Benchmarking Africa's Minigrids
Over the last decade, leading authorities have repeatedly heralded minigrids as essential to providing electricity to approximately half of all unelectrified communities in Africa. Despite this, investment, political buy-in, and scale have remained elusive. One of the key reasons this has been the case is that to date, national-level decision makers, investors and donors have had to rely on data and evidence from individuals or small groups of companies. This being because there has been a general lack of reliable, neutral information available on the sector as a whole.
With this report, the African Minigrid Developers Association’s (AMDA) and Economic Consulting Associates (ECA) present analysis of a one of a kind dataset collected from nearly all established market leaders across Africa as well as a significant sample of smaller, newer companies that together represent the vast majority of private sector minigrid companies on the continent.
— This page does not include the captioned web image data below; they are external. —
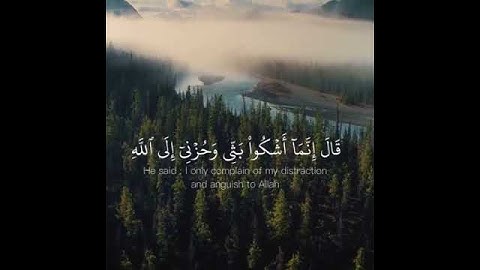 آيات من سورة يوسف.   بصوت:بسام الواكد
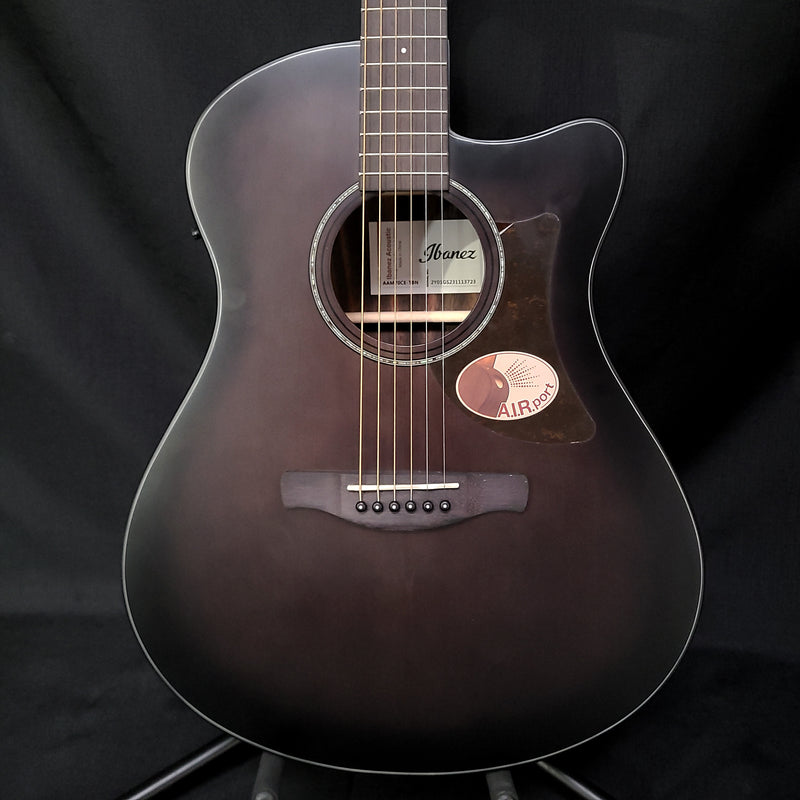 Ibanez AAM70CE Advanced Acoustic Electric Guitar - Trans Charcoal Burst
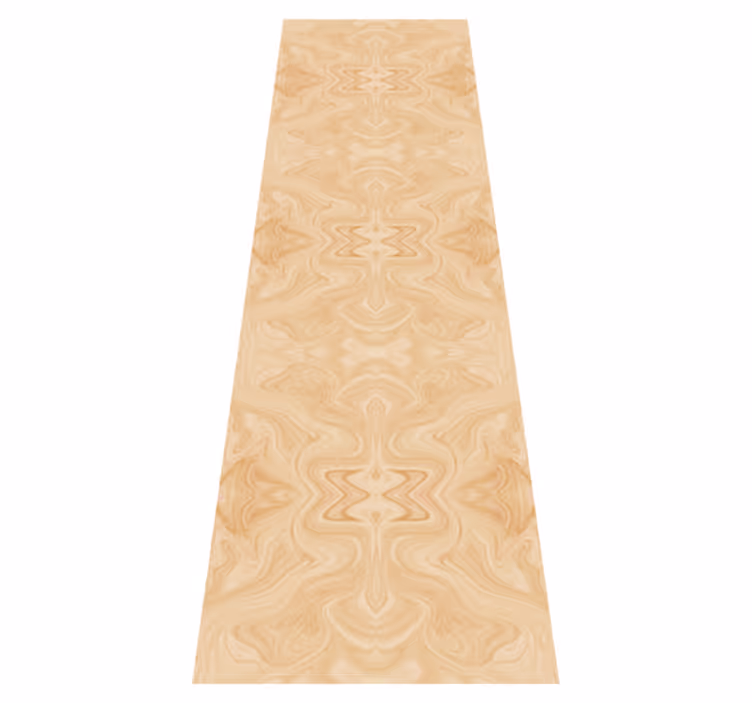Textured vinyl rug in beige japandi style - TenStickers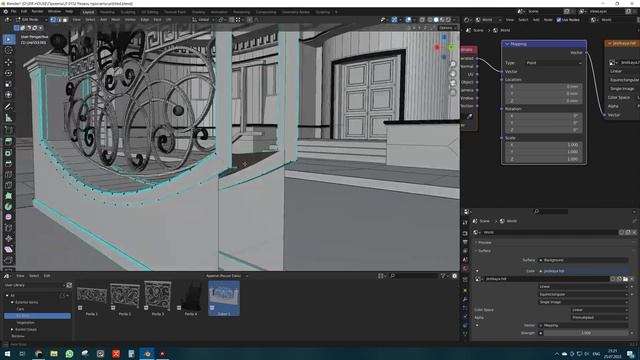 Blender Architecture. Classiс House 4.3 Material, Foliage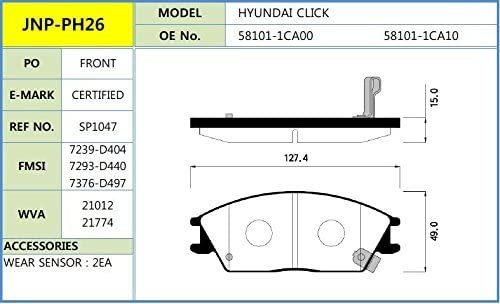 Pastillas Freno Delanteras Hyundai Scoupe 1991-1999 Foto 3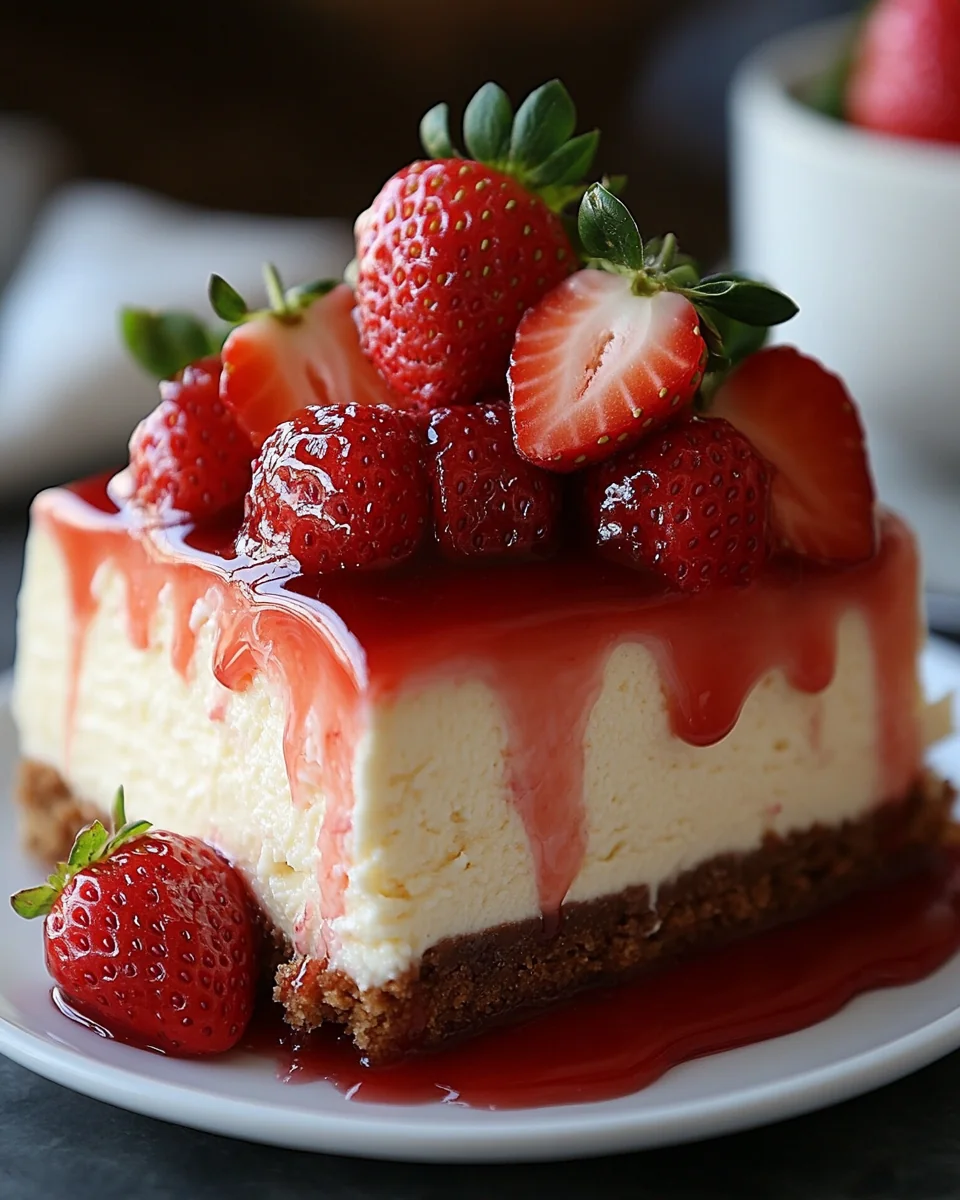 Homemade White Chocolate Strawberry Cheesecake Delight - additional image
This report provides the most comprehensive analysis on minigrid financing, economics, regulation, service quality, & impact available to date, and also offers key insights into the barriers facing the sector and what can be done to overcome them.
Overall, the African minigrid market is behaving predictably both as a nascent industry, with significant price reductions emerging as investments increase, and also as a rural electrification sector, in that public funding has proven an essential catalyst to bring in private investors and kickstart cost reductions through the scale-up process. Logic holds that continued public support will see continued scale-up and price reductions. The data demonstrates a fundamental interconnection between concessional funding, private investment, political environments and deployment of connections. AMDA’s data illustrates how these different pieces of the enabling environment feed off one another to build the trust, confidence, and experience necessary to see increased delivery of energy access. These elements are so fundamentally intertwined that disruptions within the cycle can derail growth or even devolve into negative feedback loops.
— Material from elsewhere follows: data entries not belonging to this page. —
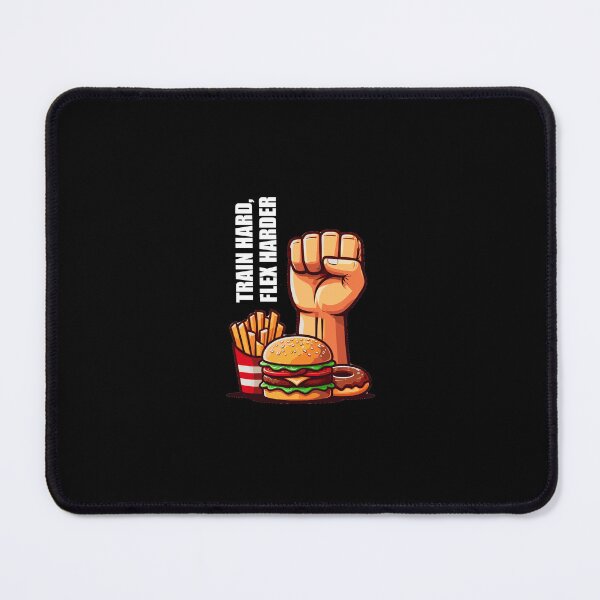 Item preview, Bodybuilding bicep Train Hard Flex Harder designed and sold by LaughLine Design.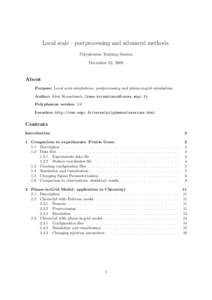 Operations research / Simulation / Atmospheric dispersion modeling / Computational science / Computational chemistry / Molecular modelling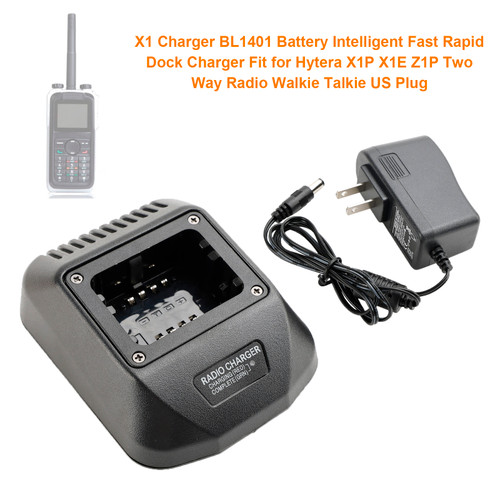 X1 Charger BL1401 Battery Fast Rapid Dock for Hytera X1P X1E Z1P Radio US Plug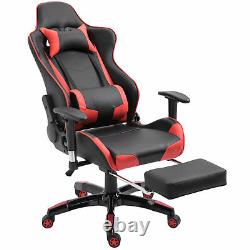 HOMCOM Gaming Chair Office Chesterfield Swivel Executive High Back PU Leather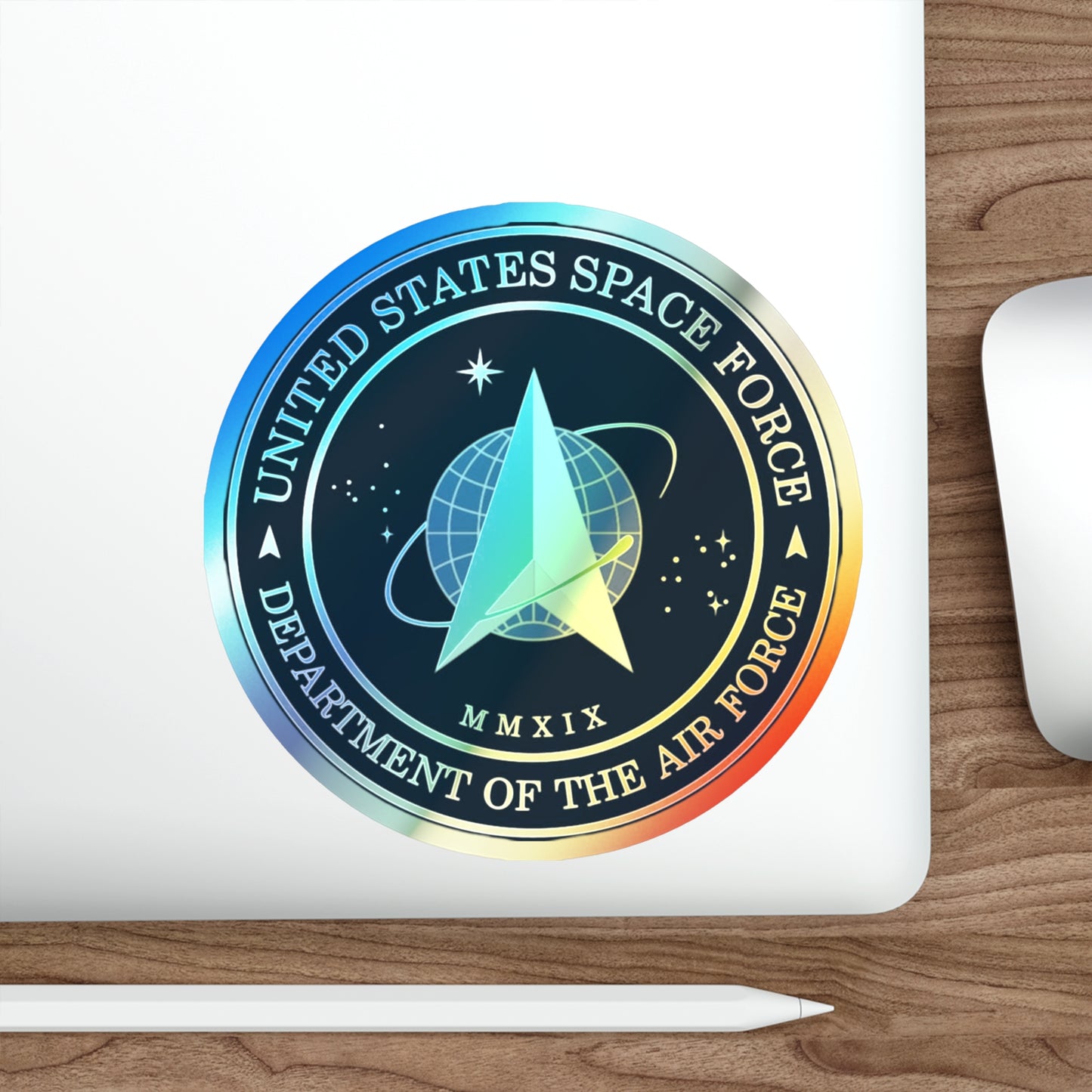 US Space Force Holographic Sticker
AMDA’s data shows the sector is beginning an impressive scale-up phase. As donor funding steadily increased over the reporting period, connection numbers did as well; going from under 2,000 connections in 2016 to over 41,000 in 2019. These connections have provided over 250,000 people, businesses and community facilities with high quality, productive energy. To date, this growth has largely taken place in East African markets, where the sector got an earlier start. The sector’s growth over 2014-2018 also coincided with a tremendous drop in costs, with the average price per connection falling from US$ 1,555 at the beginning of our reporting period to US$ 733 in 2018. Established developers have been able to reduce CAPEX pricing by 57% over the reporting period. Cost for new companies entering a market has reduced by 33% in the same period. Another interesting contrast between new and experienced developers is that in well-established markets, experienced firms were on average 41% less expensive than new developers in those same markets, again illustrating the logical evolution of sector as companies gain experience and scale.
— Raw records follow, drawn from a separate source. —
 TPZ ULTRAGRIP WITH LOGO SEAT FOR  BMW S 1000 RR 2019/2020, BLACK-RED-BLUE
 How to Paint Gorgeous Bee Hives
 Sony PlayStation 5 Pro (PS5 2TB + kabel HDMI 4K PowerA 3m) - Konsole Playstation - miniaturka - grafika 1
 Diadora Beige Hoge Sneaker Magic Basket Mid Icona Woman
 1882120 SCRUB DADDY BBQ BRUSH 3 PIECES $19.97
Taken together, our data show that rural minigrid connections are often thousands of dollars cheaper than those of state-run utilities. With the primary concern of governments today being the higher kilowatt costs of minigrids, these enormous cost savings could easily be transferred into end-user subsidies or other cost reductions tools, and still save governments and donors billions visà-vis traditional grid expansion across the continent. Our most alarming finding is that across the continent, regulatory compliance processes on average take more than one year per site. With the World Bank estimating that Africa requires 140,000 minigrids, regulation represents an enormous barrier to sector growth and to SDG 7. Neither will be achievable without the urgent development and adoption of more automated and bundled approval processes that allow for higher volumes of approvals at greatly increased speeds.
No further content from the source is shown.